Task to complete
From the records below, print only the part that opens with the line containing "Novaneon Building" and closes with the line containing "Полина и Александр."; omit the pictures.

Records for the task
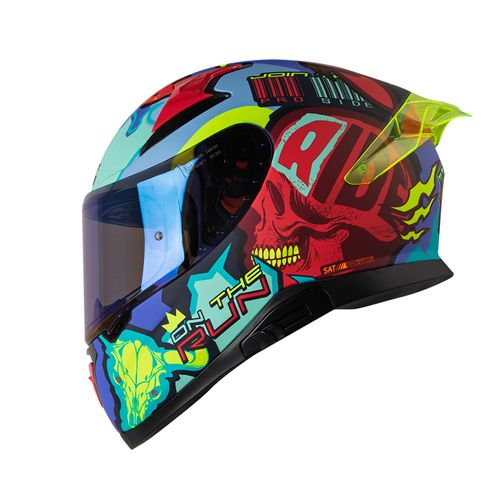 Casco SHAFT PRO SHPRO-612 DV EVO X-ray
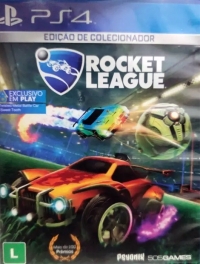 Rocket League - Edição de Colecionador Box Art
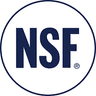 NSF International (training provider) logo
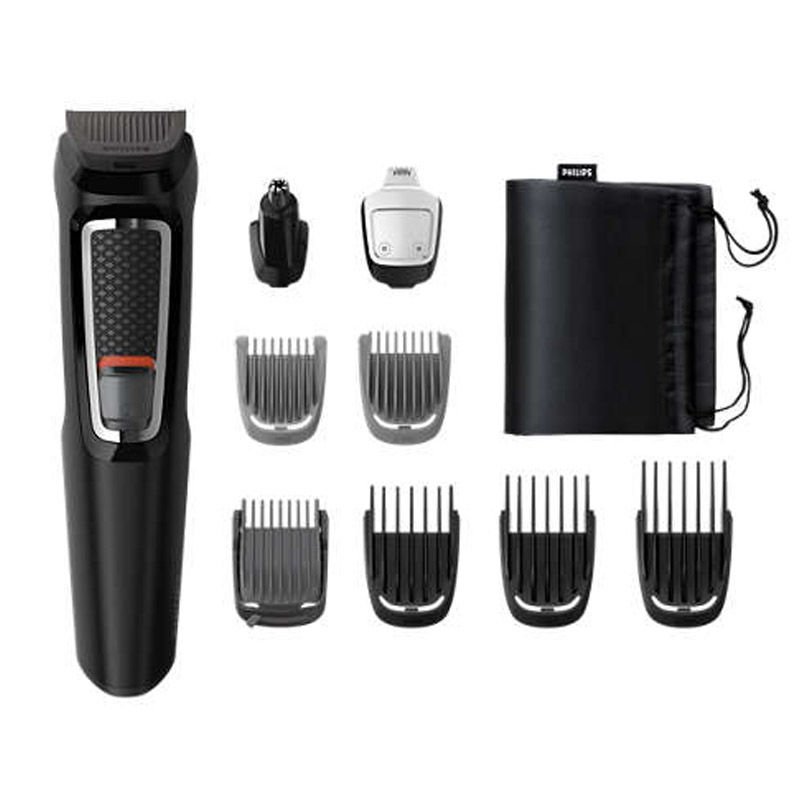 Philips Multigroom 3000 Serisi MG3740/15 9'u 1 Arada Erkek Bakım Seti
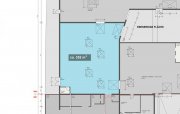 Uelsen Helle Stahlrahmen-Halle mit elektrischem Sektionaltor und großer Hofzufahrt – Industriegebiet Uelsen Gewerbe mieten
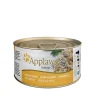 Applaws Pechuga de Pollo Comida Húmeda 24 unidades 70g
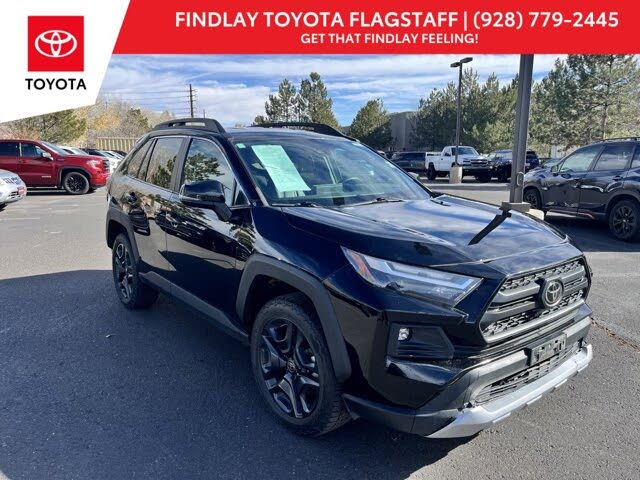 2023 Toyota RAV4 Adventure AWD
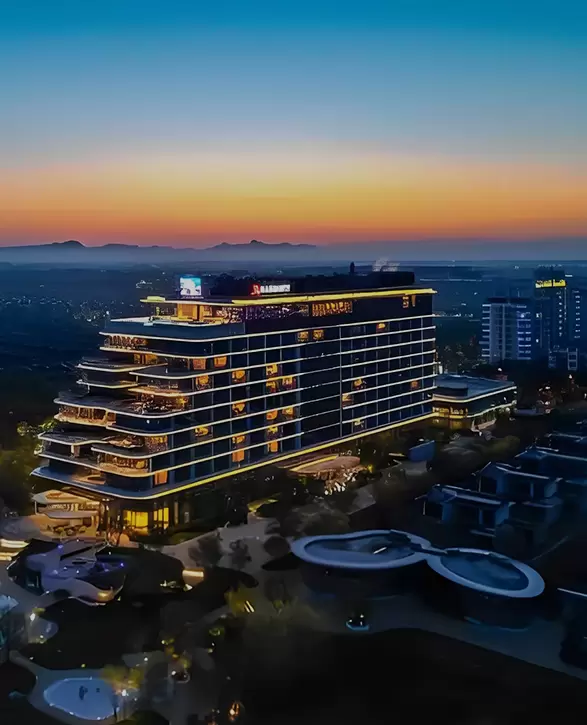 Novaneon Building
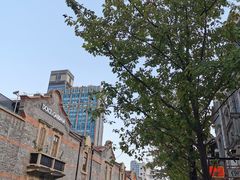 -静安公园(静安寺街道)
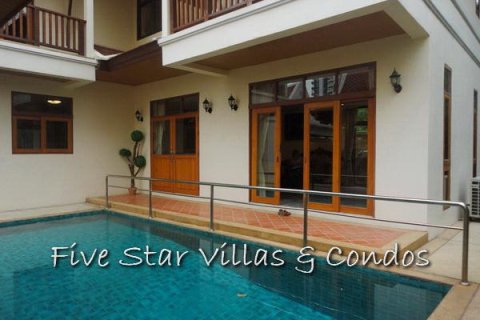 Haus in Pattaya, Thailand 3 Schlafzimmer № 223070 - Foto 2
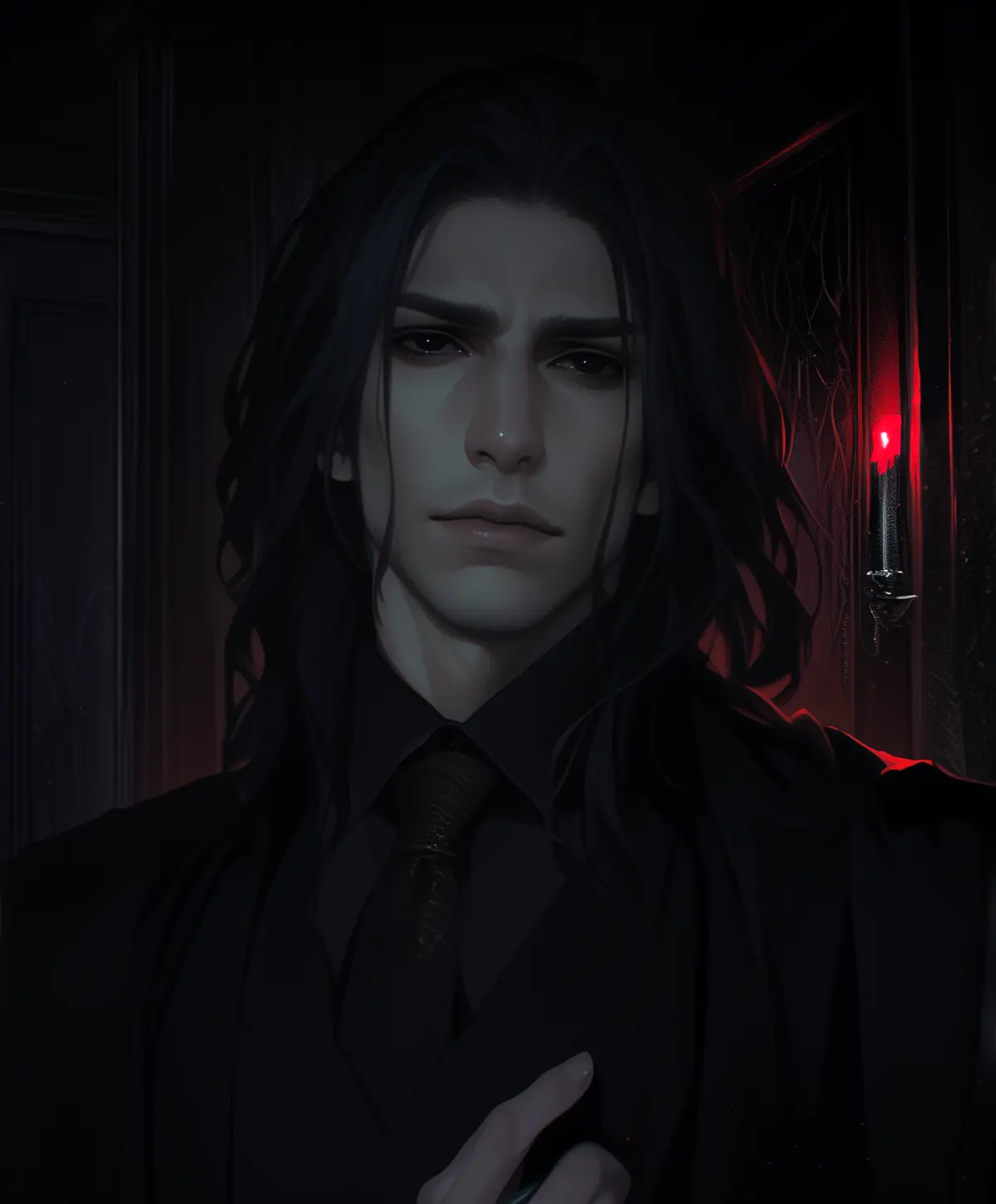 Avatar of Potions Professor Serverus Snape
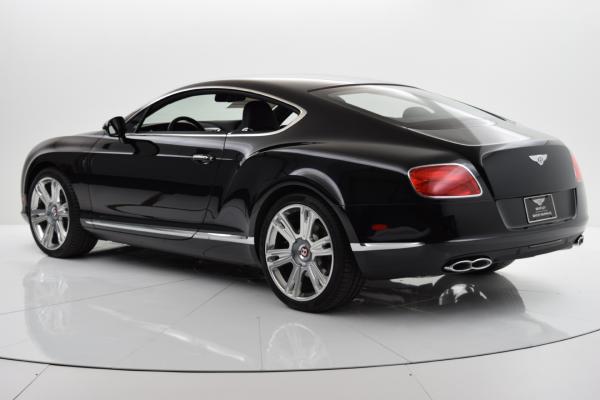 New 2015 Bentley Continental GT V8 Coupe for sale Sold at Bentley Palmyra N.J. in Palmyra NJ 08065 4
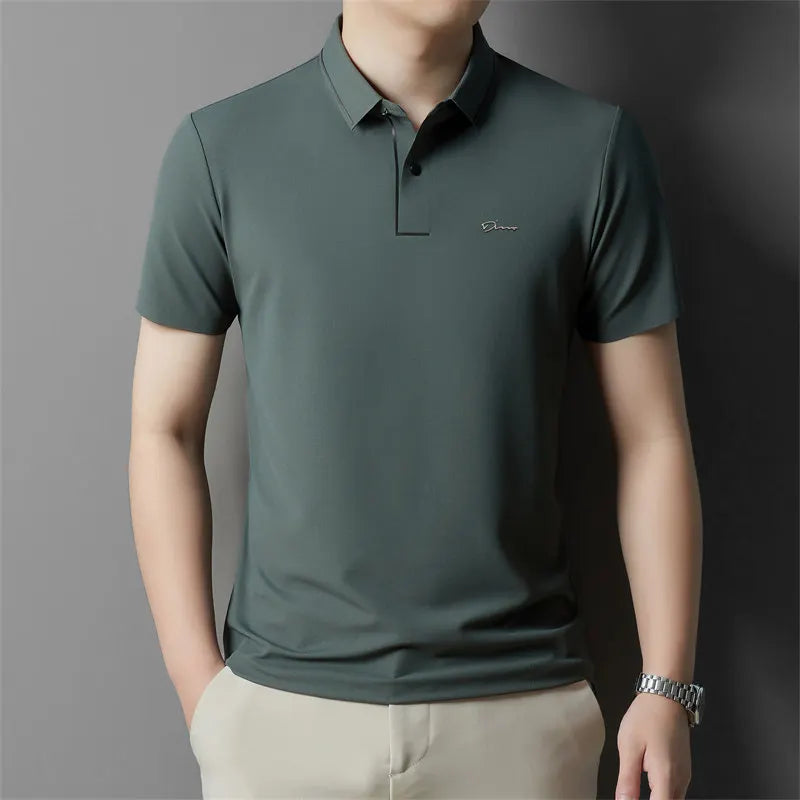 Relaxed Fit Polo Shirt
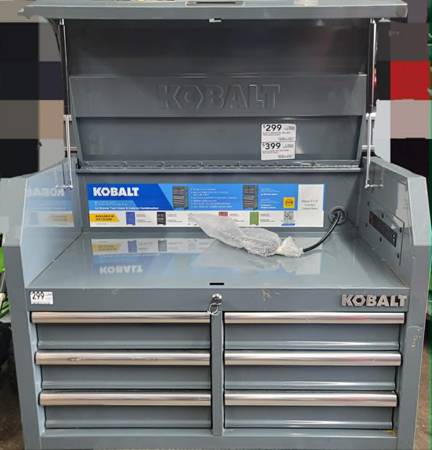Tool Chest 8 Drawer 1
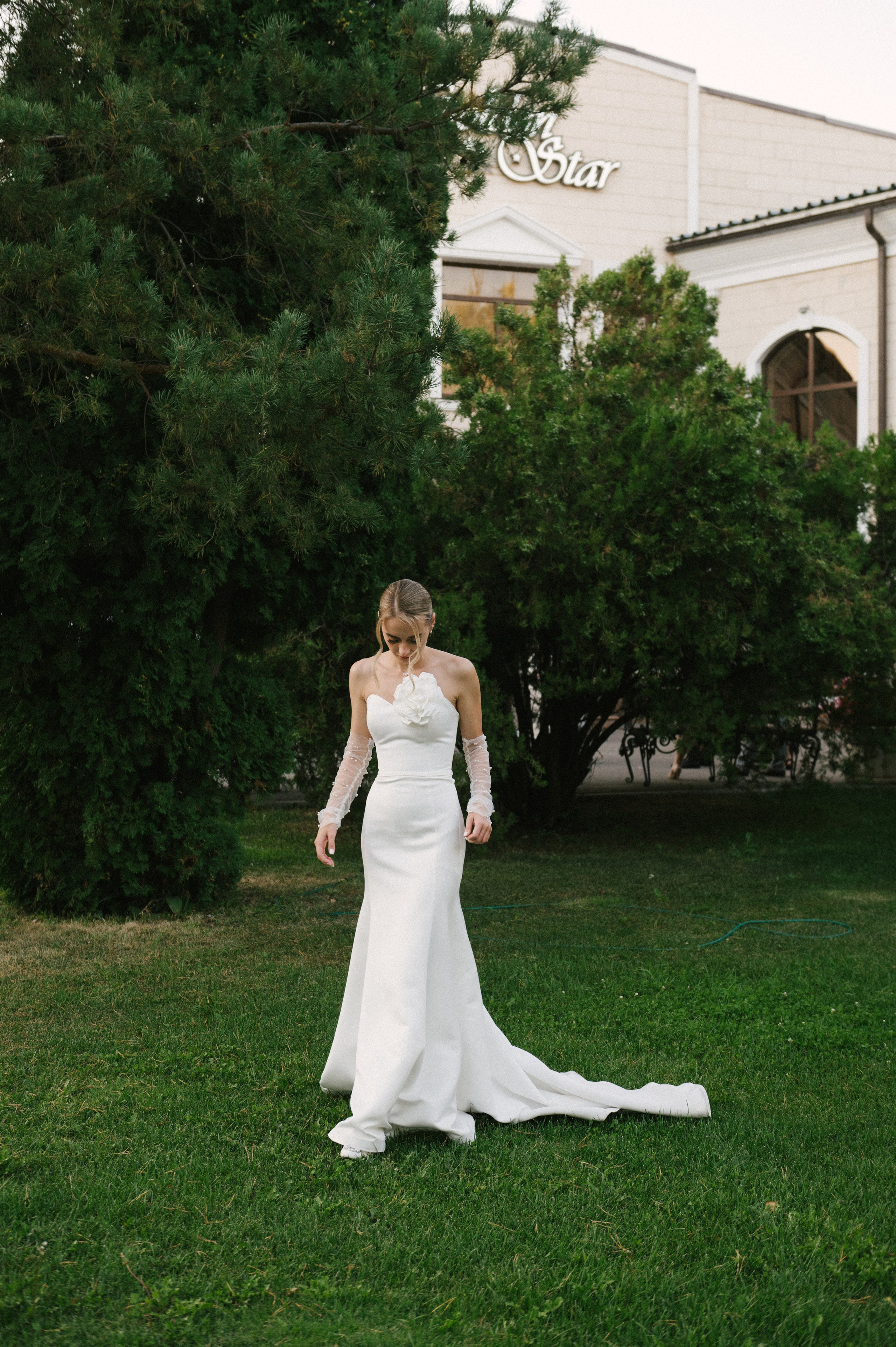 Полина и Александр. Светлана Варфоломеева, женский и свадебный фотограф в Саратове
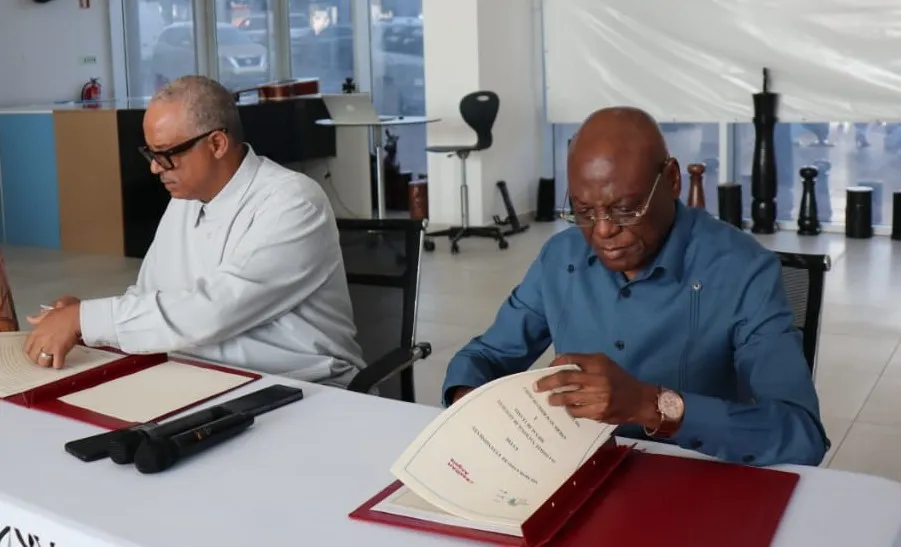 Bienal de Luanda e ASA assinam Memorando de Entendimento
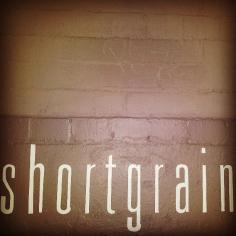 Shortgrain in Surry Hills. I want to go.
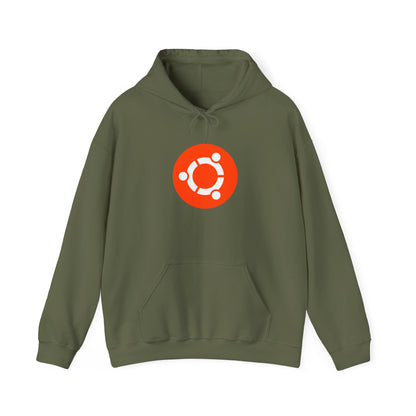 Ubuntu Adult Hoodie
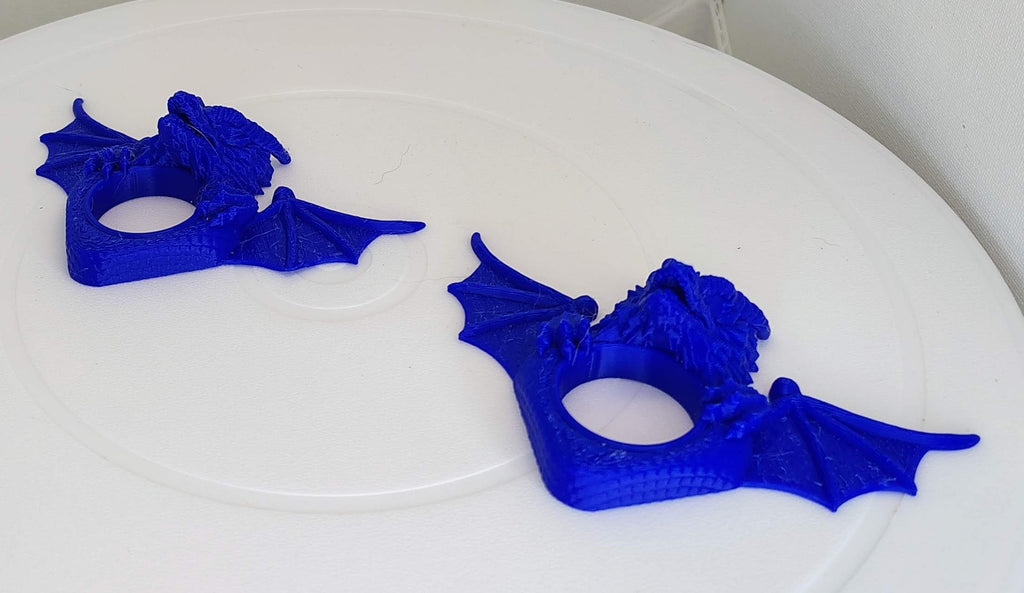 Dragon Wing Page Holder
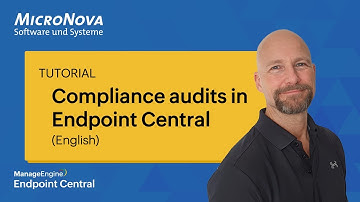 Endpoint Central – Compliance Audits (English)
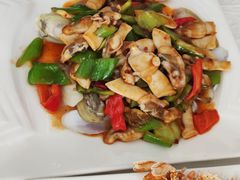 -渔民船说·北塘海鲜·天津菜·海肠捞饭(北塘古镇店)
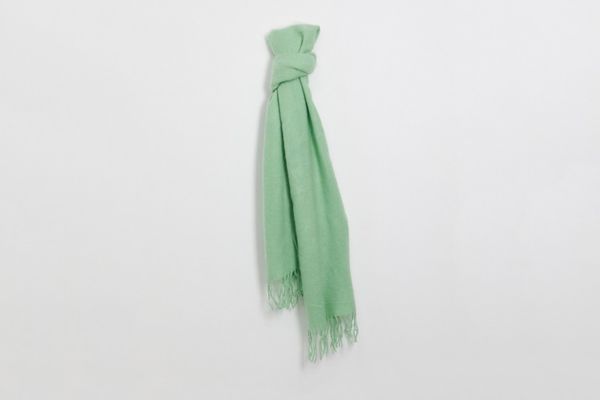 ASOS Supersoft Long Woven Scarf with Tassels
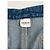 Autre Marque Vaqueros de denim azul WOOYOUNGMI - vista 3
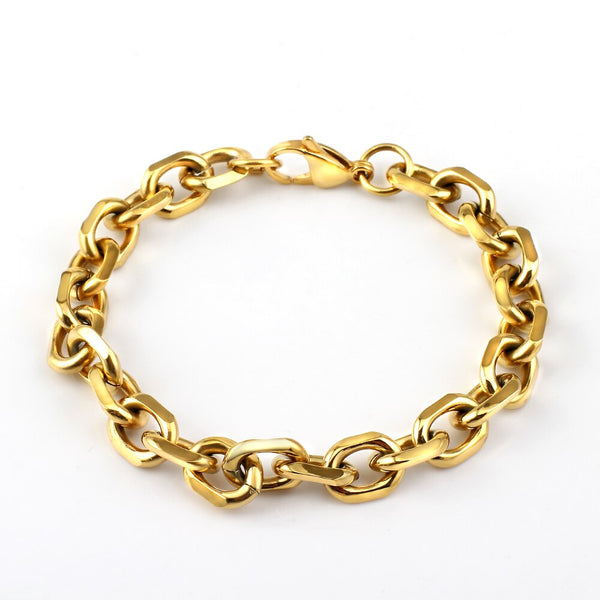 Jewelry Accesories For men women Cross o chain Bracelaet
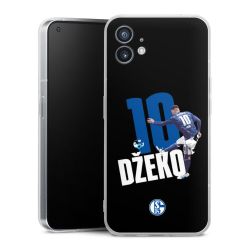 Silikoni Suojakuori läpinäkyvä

Solution for this task
 Novaneon Building
 -静安公园(静安寺街道)
 Haus in Pattaya, Thailand 3 Schlafzimmer № 223070 - Foto 2
 Avatar of Potions Professor Serverus Snape
 New 2015 Bentley Continental GT V8 Coupe for sale Sold at Bentley Palmyra N.J. in Palmyra NJ 08065 4
 Relaxed Fit Polo Shirt
Tool Chest 8 Drawer 1
 Полина и Александр. Светлана Варфоломеева, женский и свадебный фотограф в Саратове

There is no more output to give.